Sliced inverse regression

Denote the \(p\)-variate predictors \(x_i\), \(i=1,…,n\) with corresponding responses \(y_i\). The predictors are assumed to follow the model \[ x_i = A s_i + b, \] where \(A\) is a non-singular \(p \times p\) matrix, \(b\) a \(p\)-vector and the random vector \(s\) can be decomposed into \((s_1^T,s_2^T)^T\) with \(E(s)=0\) and \(Cov(s)=I_p\) where \(s_1\) has dimension \(k\) and \(s_2\) dimension \(p-k\). It is then assumed that \(s_1\) is the signal part, the interesting components, which are relevant to model \(y\), whereas \(s_2\) is the noise part.

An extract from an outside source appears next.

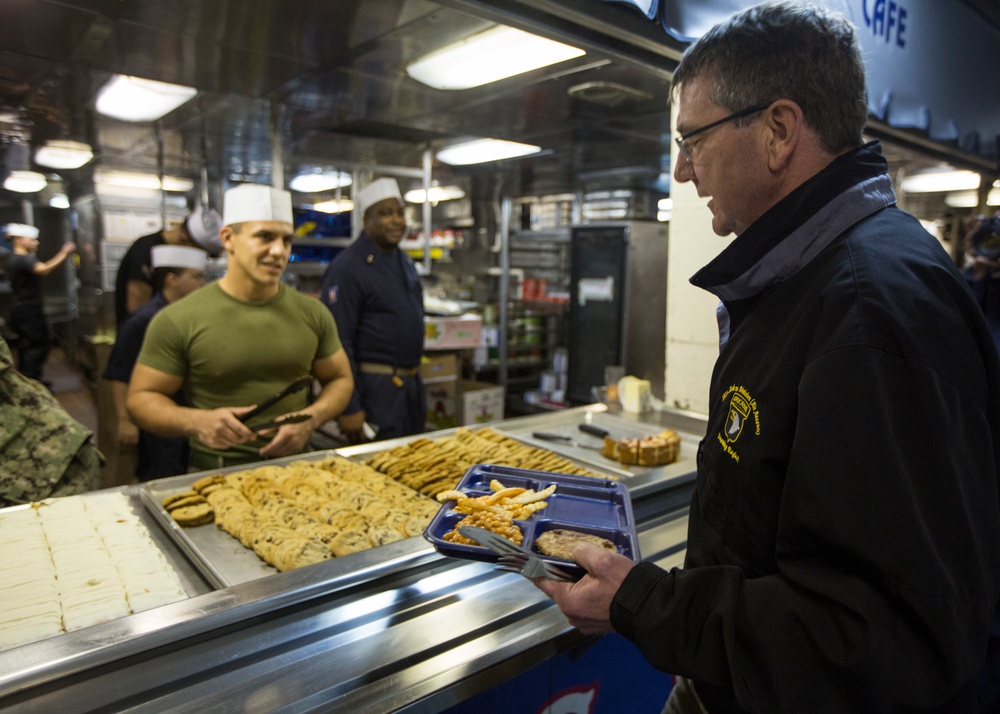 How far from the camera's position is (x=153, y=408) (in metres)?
2.16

The working model assumption is then that \[ (y,s_1^T)^T \ is \ independent \ of \ s_2. \] Defining \(S_1=E((x-b)(x-b)^T)\) and \(S_2=E(E(x-b|y)E(x-b|y)^T)\) the sliced inverse regression (SIR) can be interpreted as finding the transformation matrix \(W\) such that \[ W S_1 W^T = I_p \ and \ W S_2 W^T = D, \] where \(D\) is a diagonal matrix with diagonal elements \(d_1 \geq d_2 \geq … \geq d_k > d_{k+1} = … = d_p = 0\).

In practice \(S_2\) is estimated by approximating \(E(x-b|y)\) by dividing \(y\) into \(h\) slices where in this package \(y\) is divided into \(h\) intervals containing an equal number of observations.

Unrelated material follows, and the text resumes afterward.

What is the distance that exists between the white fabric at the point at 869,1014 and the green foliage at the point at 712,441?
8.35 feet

The practical problem is to decide then the value \(k\).

Asymptotic test a specific value of \(k\)

For an asymptotic test using the test statistic \[ T= n\sum_{i=k+1}^p d_i, \] the limiting distribution under the null is then \(T \sim \chi^2_{(p-k)(h-k-1)}\). Therefore for the hypothetical value \(k\) and the number of slices \(h\) is required that \(k \geq h-1\).

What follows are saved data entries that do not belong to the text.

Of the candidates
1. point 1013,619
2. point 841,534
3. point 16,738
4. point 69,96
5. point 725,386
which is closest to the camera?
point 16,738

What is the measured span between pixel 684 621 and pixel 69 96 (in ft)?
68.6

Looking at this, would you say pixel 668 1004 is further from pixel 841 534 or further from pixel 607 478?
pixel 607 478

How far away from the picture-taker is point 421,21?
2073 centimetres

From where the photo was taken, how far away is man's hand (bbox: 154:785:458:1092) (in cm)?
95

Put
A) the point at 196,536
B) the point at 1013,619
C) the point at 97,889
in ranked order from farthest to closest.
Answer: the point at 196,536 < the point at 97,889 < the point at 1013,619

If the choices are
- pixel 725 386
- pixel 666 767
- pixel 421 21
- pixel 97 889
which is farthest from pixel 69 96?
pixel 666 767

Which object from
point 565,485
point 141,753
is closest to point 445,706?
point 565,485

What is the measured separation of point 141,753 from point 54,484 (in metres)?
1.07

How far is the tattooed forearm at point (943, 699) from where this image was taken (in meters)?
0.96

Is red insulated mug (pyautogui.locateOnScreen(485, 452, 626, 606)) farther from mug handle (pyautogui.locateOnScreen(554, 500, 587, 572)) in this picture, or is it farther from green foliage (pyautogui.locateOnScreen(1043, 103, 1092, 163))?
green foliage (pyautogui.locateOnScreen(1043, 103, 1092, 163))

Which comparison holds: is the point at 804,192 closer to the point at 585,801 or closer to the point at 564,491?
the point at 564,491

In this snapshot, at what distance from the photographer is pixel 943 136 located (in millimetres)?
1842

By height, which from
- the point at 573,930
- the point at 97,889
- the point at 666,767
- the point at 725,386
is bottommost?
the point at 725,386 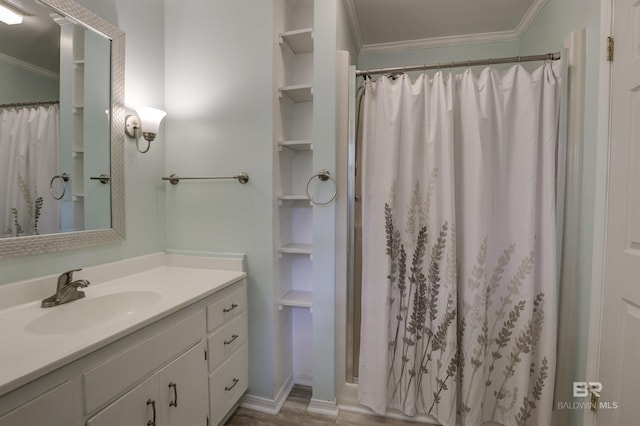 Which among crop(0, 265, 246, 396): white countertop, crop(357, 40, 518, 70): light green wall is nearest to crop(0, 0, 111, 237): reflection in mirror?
crop(0, 265, 246, 396): white countertop

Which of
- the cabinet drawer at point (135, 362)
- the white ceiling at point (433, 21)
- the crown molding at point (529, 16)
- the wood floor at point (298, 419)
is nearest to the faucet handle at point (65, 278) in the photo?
the cabinet drawer at point (135, 362)

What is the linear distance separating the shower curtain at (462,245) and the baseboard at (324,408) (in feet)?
0.68

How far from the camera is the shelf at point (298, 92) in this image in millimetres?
1666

Bootstrapping test a specific value of \(k\)

Bootstrap tests can be constructed as follows

  1. Compute \(\hat s_i = \hat W(x_i - \bar x_i)\), and decompose into \(\hat s_{i,1}\) and \(\hat s_{i,2}\).
  2. Sample a bootstrap sample \((y_i^*, \hat s_{i,1}^*)\) of size \(n\) from \((y_i, \hat s_{i,1})\).
  3. Sample a bootstrap sample \(\hat s_{i,2}^*\) of size \(n\) from \(\hat s_{i,2}\).
  4. Compute \(x_i^* = \hat W^{-1} ((\hat s_{i,1}^*)^T,(\hat s_{i,2}^*)^T)^T\).
  5. Recompute the test statistic \(T^*\) based on the bootstrap data \(x_i^*\), \(i=,1,…,n\).
  6. Repeat the steps above \(m\) times to obtain bootstrap test statistics \(T^*_1,…,T^*_m\).

The p-value is then \[ \frac{\#(T_i^* \geq T)+1}{m+1}. \]


Some simulated data with true \(k=2\):

n <- 200
p <- 10
X <- matrix(rnorm(p*n), ncol = p)
eps <- rnorm(n, sd=0.25)
y <- X[, 1]/ (0.5+(X[, 2]+1.5)^2)

plot of chunk unnamed-chunk-1

First performing the asymptotic test

SIRasympk2 <- SIRasymp(X,y,2)
##  SIR test for subspace dimension
## data:  X
## T = 65.121, df = 56, p-value = 0.1891
## alternative hypothesis: the last 8 eigenvalues are not zero

plot of chunk unnamed-chunk-2

Then the bootstrap test

SIRbootk2 <- SIRboot(X,y,2)
##  SIR bootstrapping test for subspace dimension
## data:  X
## T = 0.32561, replications = 200, p-value = 0.2388
## alternative hypothesis: the last 8 eigenvalues are not zero

Looking at the first two components and their relationship with the response

pairs(cbind(y, components(SIRbootk2, which="k")))

plot of chunk unnamed-chunk-4